Knowing your consumer
- Easily queryable, no complex data types
- Compact and harder to query usually done to reduce storage space.
- ML models as consumer
- Customers: Should be very to interpret charts
Some of the biggest problems in data engineering occur when data is modeled for the wrong consumer!
- OLAP is looking at the entire database or a subset of the database whereas OLTP is mostly looking at a single entities or a few rows, ex: one user. Hence the performance and modelling mechanisms vary.
- Master Data is the middle ground between OLAP and OLTP.
- Production database snapshots → master data → OLAP cubes (slice and dice, easy group by) → metrics
Cumulative Table Design
Used to bring data across multiple timeframes into a single table or dataframe. Example: Data over multiple days where users login only on a few days. Cumulative table design will FULL OUTER JOIN all the dataframes with COALESCE values. This way history is preserved.
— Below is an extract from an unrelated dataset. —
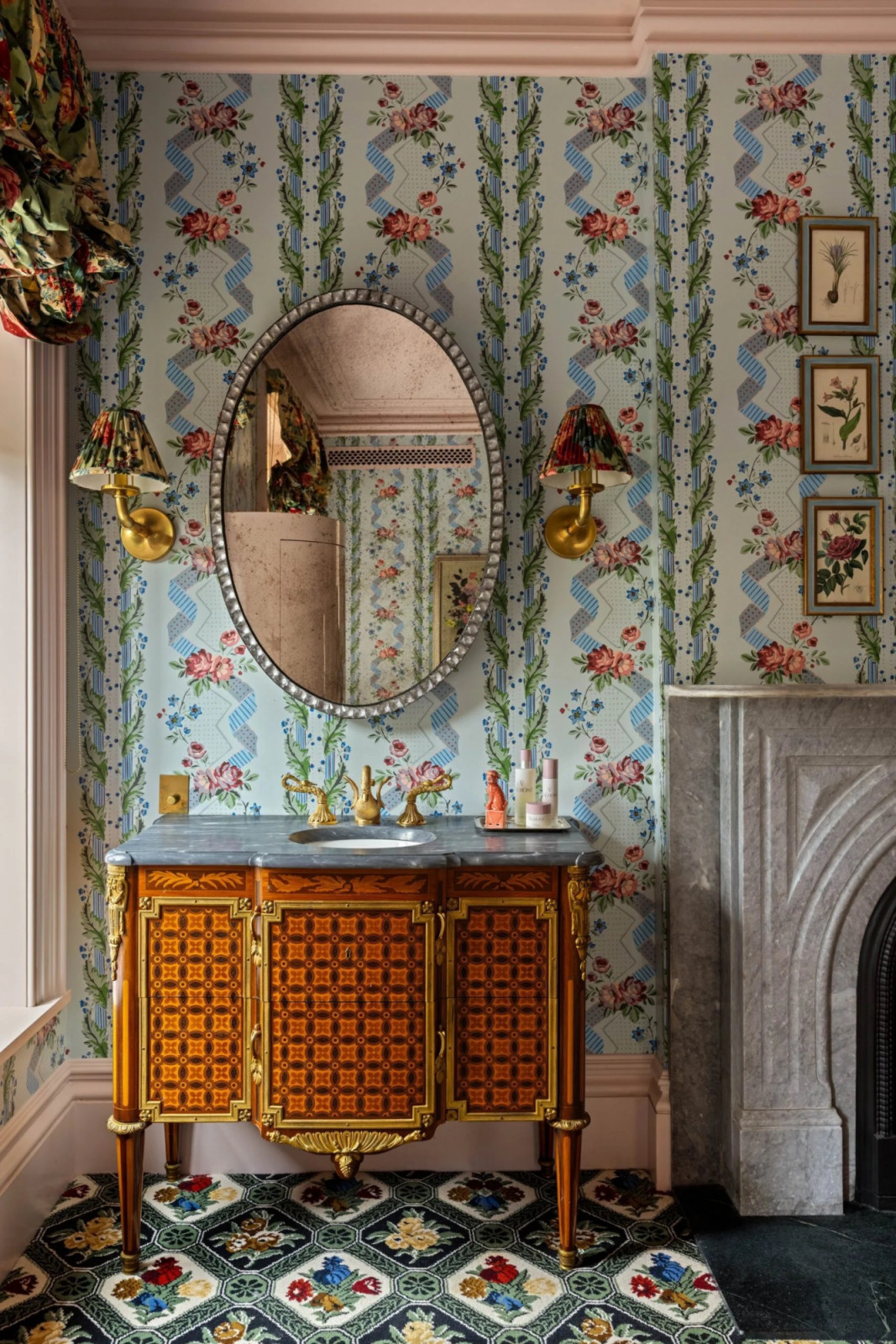 Marble-topped vanities copied from Versailles feature swan-shaped tapware and brass wall sconces (Photo: The Gambino Group)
Can be used for state tracking where the same data goes through different state transitions. Example: dead → live → backburner etc.
Steps:
- FULL OUTER JOIN
- COALECSE ids and unchanging dimensions
- Compute cumulation metrics (eg: Number of days in-active)
- Combine arrays and changing values
- Usability vs compactness tradeoff
- arrays vs structs vs maps
- Run length encoding is a form of compression which removes duplicates.
New commands
- UNNEST: expands the array column into multiple row entires
- CARDINALITY function returns the size of the array
- Idempotent pipelines: Pipeline result should not change if inputs haven’t changed even if run multiple times
- Using INSERT INTO with MERGE or INSERT OVERWRITE. INSERT INTO should never be used ?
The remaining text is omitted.